A carrier offering or renewing a managed care plan shall allow enrollees to choose their own primary care providers, as allowed under the managed care plan's rules, from among the panel of participating providers made available to enrollees under the managed care plan's rules. A carrier shall allow physicians, and certified nurse practitioners who have been approved by the State Board of Nursing to practice advanced practice registered nursing without the supervision of a physician pursuant to Title 32, section 2102, subsection 2-A, to serve as primary care providers for managed care plans. A carrier is not required to contract with certified nurse practitioners or physicians as primary care providers in any manner that exceeds the access and provider network standards required in this chapter or chapter 56, or any rules adopted pursuant to those chapters. A carrier must shall allow enrollees in a managed care plan to change primary care providers without good cause at least once annually and to change with good cause as necessary. When an enrollee fails to choose a primary care provider, the carrier may assign the enrollee a primary care provider located in the same geographic area in which the enrollee resides.

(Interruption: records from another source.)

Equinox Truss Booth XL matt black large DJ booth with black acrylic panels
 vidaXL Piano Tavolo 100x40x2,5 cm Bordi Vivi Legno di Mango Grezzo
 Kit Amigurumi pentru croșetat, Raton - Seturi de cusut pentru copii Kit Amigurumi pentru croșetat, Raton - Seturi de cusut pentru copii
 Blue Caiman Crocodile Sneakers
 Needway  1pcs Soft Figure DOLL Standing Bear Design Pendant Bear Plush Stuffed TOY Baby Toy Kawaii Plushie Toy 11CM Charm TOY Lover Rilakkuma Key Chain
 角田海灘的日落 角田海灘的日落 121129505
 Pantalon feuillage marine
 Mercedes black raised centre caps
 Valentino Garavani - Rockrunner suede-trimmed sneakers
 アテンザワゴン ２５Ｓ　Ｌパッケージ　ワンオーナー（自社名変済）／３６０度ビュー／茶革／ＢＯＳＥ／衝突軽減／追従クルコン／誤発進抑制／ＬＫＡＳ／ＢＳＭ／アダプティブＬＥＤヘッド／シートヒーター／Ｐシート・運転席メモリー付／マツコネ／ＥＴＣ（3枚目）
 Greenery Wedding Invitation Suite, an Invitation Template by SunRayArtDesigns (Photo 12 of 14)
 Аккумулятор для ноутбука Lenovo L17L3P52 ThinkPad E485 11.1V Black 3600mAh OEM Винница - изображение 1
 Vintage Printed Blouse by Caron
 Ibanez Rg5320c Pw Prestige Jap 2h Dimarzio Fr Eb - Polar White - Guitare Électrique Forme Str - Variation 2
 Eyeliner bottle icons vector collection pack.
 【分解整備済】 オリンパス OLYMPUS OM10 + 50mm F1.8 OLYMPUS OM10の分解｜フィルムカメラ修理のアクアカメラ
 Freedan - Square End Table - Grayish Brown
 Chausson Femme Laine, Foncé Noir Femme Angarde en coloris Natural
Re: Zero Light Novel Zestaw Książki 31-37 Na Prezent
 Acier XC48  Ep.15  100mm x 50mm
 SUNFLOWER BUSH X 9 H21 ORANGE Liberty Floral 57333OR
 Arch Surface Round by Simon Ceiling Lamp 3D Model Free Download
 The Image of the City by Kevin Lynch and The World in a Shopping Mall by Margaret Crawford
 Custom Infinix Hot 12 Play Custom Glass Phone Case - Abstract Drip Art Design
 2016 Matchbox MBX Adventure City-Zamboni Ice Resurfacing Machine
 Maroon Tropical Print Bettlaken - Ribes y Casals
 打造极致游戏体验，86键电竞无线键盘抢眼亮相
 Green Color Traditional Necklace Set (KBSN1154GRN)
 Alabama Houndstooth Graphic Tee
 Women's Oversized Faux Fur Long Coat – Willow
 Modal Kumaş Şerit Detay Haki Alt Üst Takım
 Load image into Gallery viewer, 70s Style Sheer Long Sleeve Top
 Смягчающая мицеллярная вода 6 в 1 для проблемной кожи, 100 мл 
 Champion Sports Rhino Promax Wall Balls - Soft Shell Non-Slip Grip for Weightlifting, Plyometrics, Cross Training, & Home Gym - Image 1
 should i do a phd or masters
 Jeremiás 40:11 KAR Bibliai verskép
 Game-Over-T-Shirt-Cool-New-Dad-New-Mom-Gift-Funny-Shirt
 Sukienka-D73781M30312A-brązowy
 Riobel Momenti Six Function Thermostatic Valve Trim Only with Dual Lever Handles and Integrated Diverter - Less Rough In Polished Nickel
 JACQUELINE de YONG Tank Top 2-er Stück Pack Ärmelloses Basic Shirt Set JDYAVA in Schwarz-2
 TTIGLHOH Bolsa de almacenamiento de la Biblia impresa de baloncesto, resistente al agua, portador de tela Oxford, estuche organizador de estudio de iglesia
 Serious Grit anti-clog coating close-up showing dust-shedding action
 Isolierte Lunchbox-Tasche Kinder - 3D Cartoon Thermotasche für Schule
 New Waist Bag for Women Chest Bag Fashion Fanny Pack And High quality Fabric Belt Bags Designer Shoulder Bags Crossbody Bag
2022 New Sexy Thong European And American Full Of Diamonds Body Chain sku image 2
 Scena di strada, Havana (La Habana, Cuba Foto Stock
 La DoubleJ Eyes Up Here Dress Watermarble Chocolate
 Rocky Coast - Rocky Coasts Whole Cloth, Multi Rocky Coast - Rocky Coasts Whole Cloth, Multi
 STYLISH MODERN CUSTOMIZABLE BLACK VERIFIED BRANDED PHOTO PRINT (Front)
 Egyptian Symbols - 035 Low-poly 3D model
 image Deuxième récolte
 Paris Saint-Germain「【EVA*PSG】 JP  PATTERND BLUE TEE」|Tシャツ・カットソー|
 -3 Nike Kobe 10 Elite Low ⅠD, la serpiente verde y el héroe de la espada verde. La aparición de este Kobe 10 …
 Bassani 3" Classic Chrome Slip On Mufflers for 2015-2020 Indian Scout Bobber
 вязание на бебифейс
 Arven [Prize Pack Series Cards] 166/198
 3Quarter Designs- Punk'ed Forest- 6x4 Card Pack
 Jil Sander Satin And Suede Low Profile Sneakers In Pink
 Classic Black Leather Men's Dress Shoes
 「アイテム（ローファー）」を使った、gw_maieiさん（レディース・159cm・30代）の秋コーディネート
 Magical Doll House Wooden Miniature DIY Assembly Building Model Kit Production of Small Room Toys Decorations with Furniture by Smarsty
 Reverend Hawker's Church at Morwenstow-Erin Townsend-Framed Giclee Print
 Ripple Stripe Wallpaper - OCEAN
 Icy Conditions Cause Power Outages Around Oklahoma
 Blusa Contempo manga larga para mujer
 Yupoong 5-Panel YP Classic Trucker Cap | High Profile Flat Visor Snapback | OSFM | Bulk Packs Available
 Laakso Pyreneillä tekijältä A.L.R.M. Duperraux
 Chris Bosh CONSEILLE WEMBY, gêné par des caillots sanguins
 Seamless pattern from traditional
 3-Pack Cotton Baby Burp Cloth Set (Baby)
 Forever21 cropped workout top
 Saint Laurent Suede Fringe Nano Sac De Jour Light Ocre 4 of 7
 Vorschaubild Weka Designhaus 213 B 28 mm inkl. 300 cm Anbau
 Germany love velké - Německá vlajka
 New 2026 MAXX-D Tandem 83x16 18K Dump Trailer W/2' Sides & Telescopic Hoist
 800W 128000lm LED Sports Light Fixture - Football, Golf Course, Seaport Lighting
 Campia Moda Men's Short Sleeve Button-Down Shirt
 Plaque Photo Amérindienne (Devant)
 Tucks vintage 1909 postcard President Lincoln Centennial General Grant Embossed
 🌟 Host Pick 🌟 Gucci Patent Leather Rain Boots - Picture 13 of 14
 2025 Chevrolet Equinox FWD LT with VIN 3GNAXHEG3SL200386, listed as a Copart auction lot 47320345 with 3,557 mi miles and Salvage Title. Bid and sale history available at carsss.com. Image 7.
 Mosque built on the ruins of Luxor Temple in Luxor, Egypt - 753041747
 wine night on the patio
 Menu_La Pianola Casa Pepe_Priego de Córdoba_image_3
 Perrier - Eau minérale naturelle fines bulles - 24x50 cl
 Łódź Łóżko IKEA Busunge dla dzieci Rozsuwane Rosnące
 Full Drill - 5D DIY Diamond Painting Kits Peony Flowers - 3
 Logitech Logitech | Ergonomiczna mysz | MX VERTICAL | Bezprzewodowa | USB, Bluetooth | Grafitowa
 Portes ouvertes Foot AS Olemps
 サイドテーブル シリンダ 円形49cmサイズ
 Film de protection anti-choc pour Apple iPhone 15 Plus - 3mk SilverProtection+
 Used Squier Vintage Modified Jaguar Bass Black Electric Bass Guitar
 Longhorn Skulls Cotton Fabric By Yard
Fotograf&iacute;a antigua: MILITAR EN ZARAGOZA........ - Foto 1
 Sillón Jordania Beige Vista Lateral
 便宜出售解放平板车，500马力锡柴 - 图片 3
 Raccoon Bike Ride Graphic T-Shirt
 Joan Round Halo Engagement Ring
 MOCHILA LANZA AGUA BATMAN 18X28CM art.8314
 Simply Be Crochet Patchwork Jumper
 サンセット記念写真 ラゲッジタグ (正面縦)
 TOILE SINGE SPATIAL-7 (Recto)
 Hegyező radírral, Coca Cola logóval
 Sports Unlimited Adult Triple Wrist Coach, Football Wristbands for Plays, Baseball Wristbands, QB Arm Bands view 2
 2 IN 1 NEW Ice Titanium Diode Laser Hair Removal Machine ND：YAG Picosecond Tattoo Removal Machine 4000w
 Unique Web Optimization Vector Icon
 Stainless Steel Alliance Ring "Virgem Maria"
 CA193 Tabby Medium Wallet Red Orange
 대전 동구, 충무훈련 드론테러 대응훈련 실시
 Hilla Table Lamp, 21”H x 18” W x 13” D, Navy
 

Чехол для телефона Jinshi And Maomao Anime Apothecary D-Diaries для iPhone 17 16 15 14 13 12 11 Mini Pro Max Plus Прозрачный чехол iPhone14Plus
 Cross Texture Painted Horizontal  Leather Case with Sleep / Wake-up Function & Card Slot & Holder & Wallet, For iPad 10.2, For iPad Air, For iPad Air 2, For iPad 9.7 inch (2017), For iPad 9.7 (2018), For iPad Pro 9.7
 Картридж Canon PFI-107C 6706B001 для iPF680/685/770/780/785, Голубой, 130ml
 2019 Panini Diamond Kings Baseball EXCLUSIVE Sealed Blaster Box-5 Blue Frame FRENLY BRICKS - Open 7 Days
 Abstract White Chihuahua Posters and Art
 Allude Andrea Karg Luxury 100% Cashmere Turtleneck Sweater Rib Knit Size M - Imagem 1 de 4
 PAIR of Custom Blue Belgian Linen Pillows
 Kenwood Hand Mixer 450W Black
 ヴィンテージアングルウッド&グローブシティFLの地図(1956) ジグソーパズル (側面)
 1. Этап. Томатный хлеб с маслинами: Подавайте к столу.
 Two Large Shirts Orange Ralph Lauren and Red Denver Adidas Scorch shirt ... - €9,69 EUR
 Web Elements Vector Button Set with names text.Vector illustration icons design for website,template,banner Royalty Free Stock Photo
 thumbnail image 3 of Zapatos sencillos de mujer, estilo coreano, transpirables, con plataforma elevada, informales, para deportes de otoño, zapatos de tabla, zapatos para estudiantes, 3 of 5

Sec. B-16. 24-A MRSA §4308, first ¶,  as enacted by PL 1999, c. 742, §18, is amended to read:

A contract between a carrier offering or renewing a health plan and a provider for the provision of services to enrollees may not require the provider to indemnify the carrier for any expenses and liabilities, including, without limitation, judgments, settlements, attorney's fees, court costs and any associated charges incurred in connection with any a claim or action brought against the health plan based on the carrier's own fault. Nothing in this section may be construed to remove responsibility of a carrier or provider for expenses or liabilities caused by the carrier's or provider's own negligent acts or omissions or intentional misconduct.

Sec. B-17. 24-A MRSA §4312, first ¶,  as enacted by PL 1999, c. 742, §19, is amended to read:

An enrollee has the right to an independent external review of a carrier's adverse health care treatment decision made by or on behalf of a carrier offering or renewing a health plan in accordance with the requirements of this section. An enrollee's failure to obtain authorization prior to receiving an otherwise covered service may not preclude an enrollee from exercising the enrollee's rights under this section.

Sec. B-18. 24-A MRSA §4313, sub-§1,  as enacted by PL 1999, c. 742, §19, is amended to read:

1. Duty of ordinary care; cause of action.   An enrollee may maintain a cause of action against a carrier offering or renewing a health plan in accordance with the following.
A.  A carrier has the duty to exercise ordinary care when making health care treatment decisions that affect the quality of the diagnosis, care or treatment provided to an enrollee and is liable for damages as provided in this section for harm to an enrollee proximately caused by the failure of the carrier or its agents to exercise such ordinary care.
B.  A carrier is also liable for damages as provided in this section for harm to an enrollee proximately caused by the health care treatment decisions made by its agents who are acting on the carrier's behalf and over whom the carrier exercised control or influence in the health care treatment decisions that result in the failure to exercise ordinary care.